[llvm] [LV] Split checking if tail-folding is possible, collecting masked ops. (PR #77612)

Mon Jul 8 07:27:03 PDT 2024

https://github.com/fhahn updated https://github.com/llvm/llvm-project/pull/77612

>From 9fa94573045383ccf06a123f8dba82242fb34d49 Mon Sep 17 00:00:00 2001
From: Florian Hahn <flo at fhahn.com>
Date: Wed, 10 Jan 2024 14:17:28 +0000
Subject: [PATCH 1/2] [LV] Split checking if tail-folding is possible,
 collecting masked ops.

Introduce new canFoldTail helper which only checks if tail-folding is
possible, but without modifying MaskedOps.

Just because tail-folding is possible doesn't mean the tail will be
folded; that's up to the cost-model to decide. Separating the check if
tail-folding is possible and preparing for tail-folding makes sure that
MaskedOps is only populated when tail-folding is actually selected.

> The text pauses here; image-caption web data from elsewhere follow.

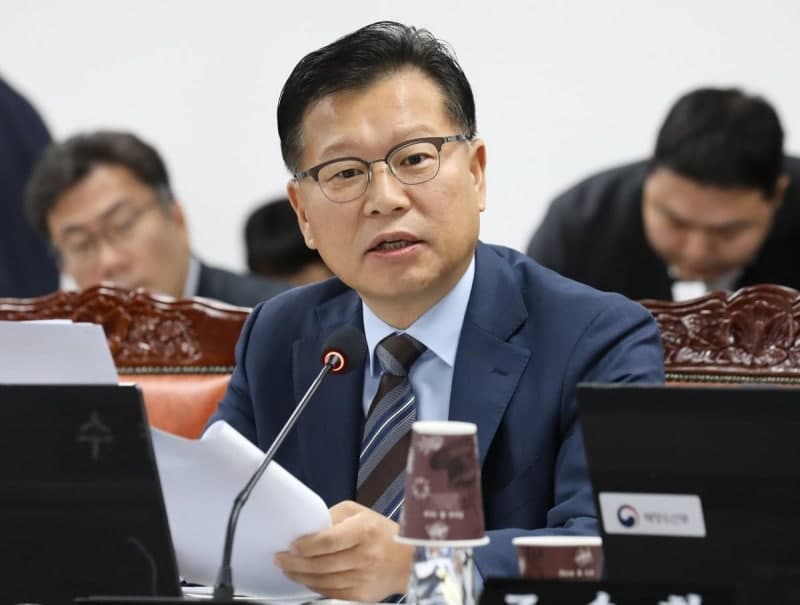 국민의힘, 우상호 강원지사 '강릉 AIDC 허위 공약' 사퇴 촉구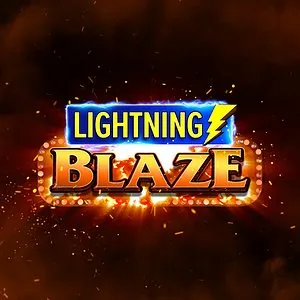 Slot machine Lightning-Blaze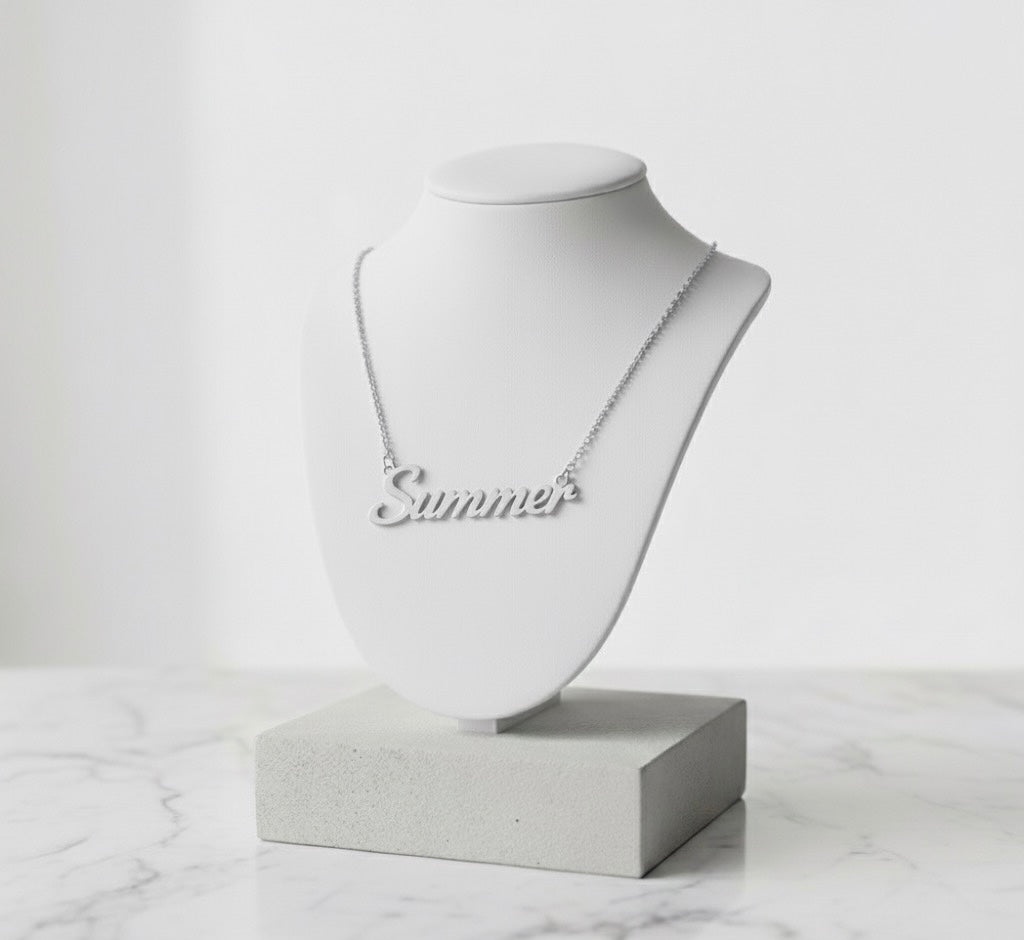 The Signature Flow Pendant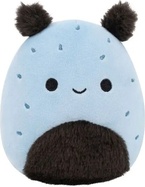 Squishmallows Morský králik Kiefer, 13 cm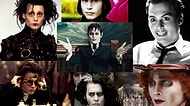 Johnny Depp'in En Unutulmaz 8 Acayip Rolü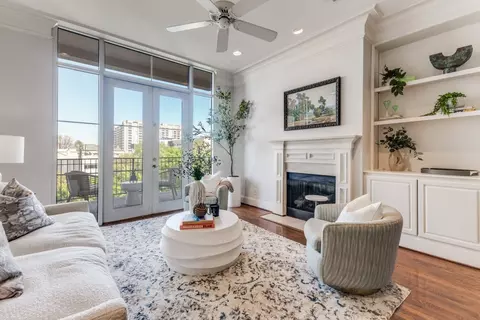 3535 Gillespie St #408A, Dallas, TX 75219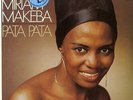 Miriam Makeba Pata Pata Sealed LP Original Stereo Press Afro-Pop Reprise RS 6274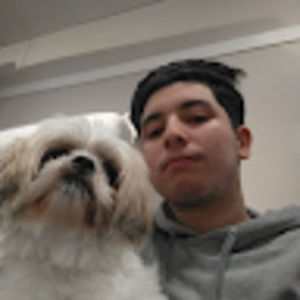 Meet your Posher, Eddie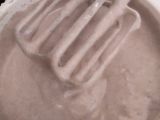 Bolu ketan hitam super moist tanpa sp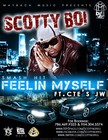 Picture for song 'Scotty Boi - FeelinMyself Ft JW (dirty)' by artist 'Scotty Boi TKG'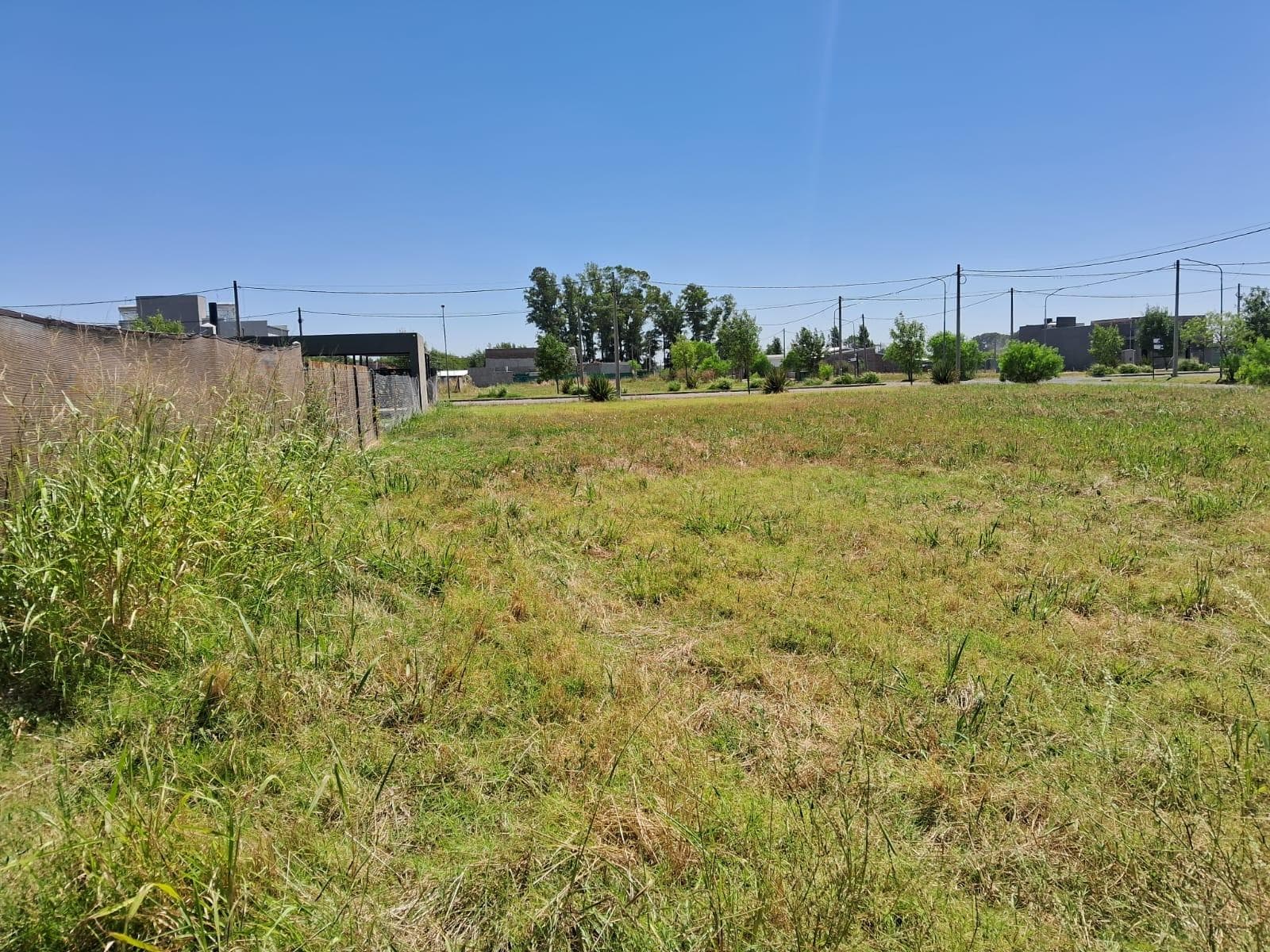 For Sale: Lot in the Eco Vida Residential Neighborhood, Lot 119. Villa Amelia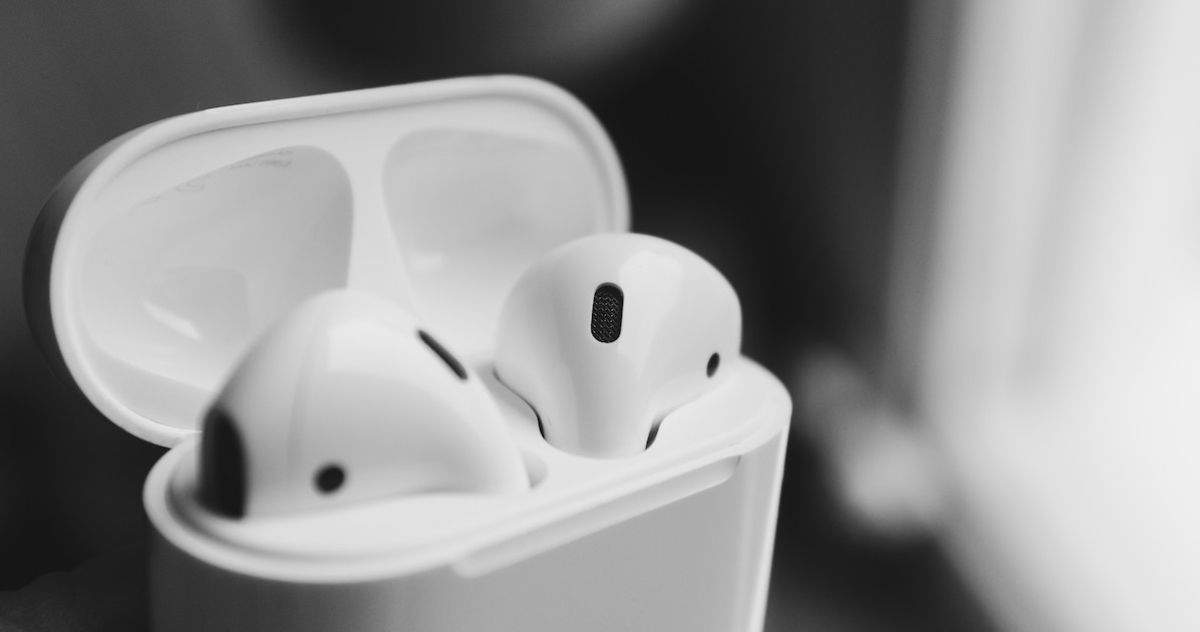 Has perdut el teu estoig d'AirPods? Aquí en pots aconseguir un de nou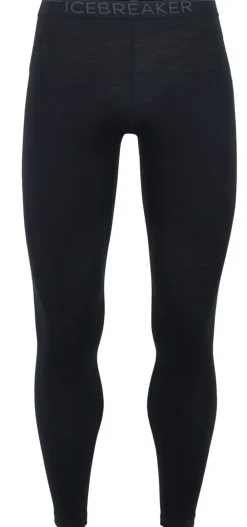 Best Icebreaker Oasis Leggings Herr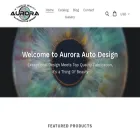 auroraautodesign.com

This allows only creating the header mask if needed after
https://github.com/llvm/llvm-project/pull/76635.
---
 .../Vectorize/LoopVectorizationLegality.h     |  9 ++-
 .../Vectorize/LoopVectorizationLegality.cpp   | 20 ++++++-
 .../Transforms/Vectorize/LoopVectorize.cpp    |  5 +-
 ...ectorize-force-tail-with-evl-interleave.ll | 60 ++++++++++++-------
 4 files changed, 65 insertions(+), 29 deletions(-)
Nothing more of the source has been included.